While these funds may not attract billions like Bitcoin (BTC) and Ethereum (ETH) spot ETFs, their success could soon lead to a spot Solana ETF.

Volatility Shares Debut Solana Futures ETF

As announced, these new funds will begin trading on Thursday. One of the funds is Volatility Shares Solana ETF (SOLZ), which is poised to expose investors to Solana futures contracts. The other, Volatility Shares 2X Solana (SOLT), is designed to offer double the daily returns of Solana’s price movements. 

Just days before the launch, Solana futures trading debuted on the Chicago Mercantile Exchange (CME). However, it did not generate as much interest as Bitcoin and Ethereum futures.

Despite this, Volatility Shares remains confident in its move, as it has already listed SOLZ and SOLT on the Depository Trust & Clearing Corporation (DTCC). Notably, this is an important step before trading can begin.

Unlike spot ETFs, which hold the actual asset directly, Volatility Shares’ new funds are futures-based. They track Solana’s price through futures contracts instead of holding Solana tokens directly. 

The SOLZ ETF will have an expense ratio of 0.95%, while the SOLT ETF will charge 1.85%.

Volatility Shares Lead the Race to Launch Solana Futures ETF

In a statement, Volatility Shares co-founder and CEO Justin Young pointed out that his firm, which currently manages around $3 billion in assets, was the first to file for these Solana ETFs. This gave the firm a head start over competitors. 

The launch of these ETFs is a major milestone for Solana-based investment products. Last December, Volatility Shares filed for three ETFs that would invest in Solana futures contracts. Even though no Solana futures were available on CFTC-regulated exchanges at that time

Bloomberg ETF analyst Eric Balchunas called the move “wild” and suggested it could be a good sign for a future spot Solana ETF.

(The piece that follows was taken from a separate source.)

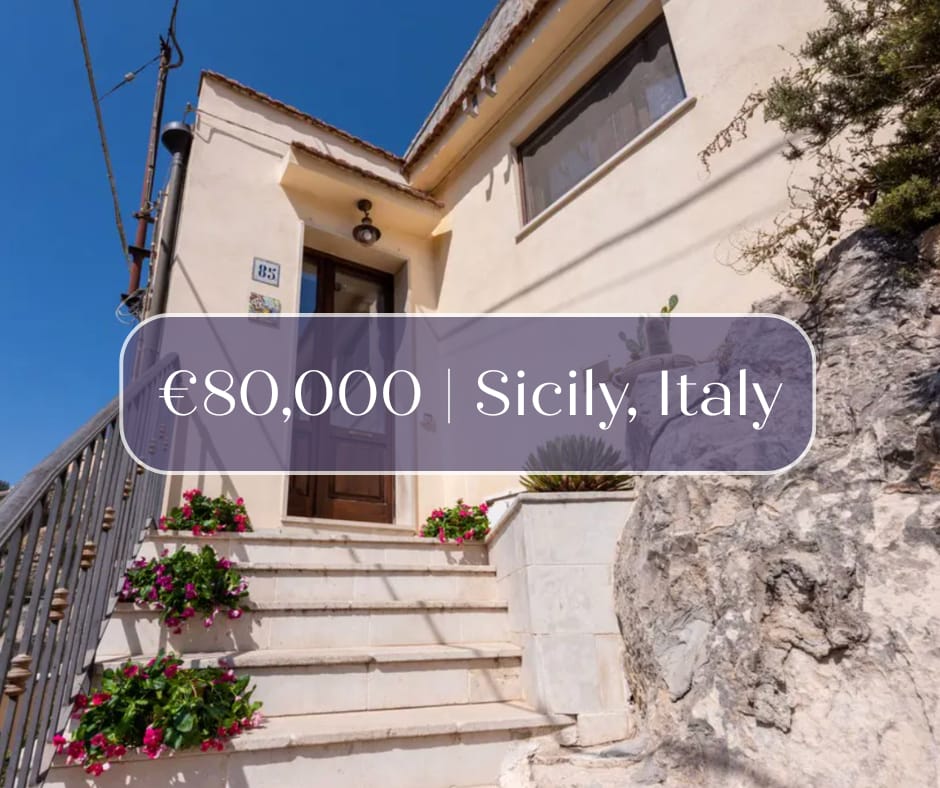 Turnkey Sicilian Pied-à-Terre with Rental Appeal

Could a Spot Solana ETF Be Next?

Big investment firms are also moving in on Solana ETFs. Franklin Templeton, a major asset manager, recently became the largest firm to file for a Solana ETF. VanEck and 21Shares have also submitted applications, with VanEck being the first to apply to the U.S. Securities and Exchange Commission (SEC) last June.

For now, investors can only buy futures-based Solana ETF product. However, many are waiting for a spot Solana ETF, which would allow direct investment in Solana without futures contracts. If interest in Solana ETFs continues to grow, it may only be a matter of time before a spot Solana ETF becomes reality.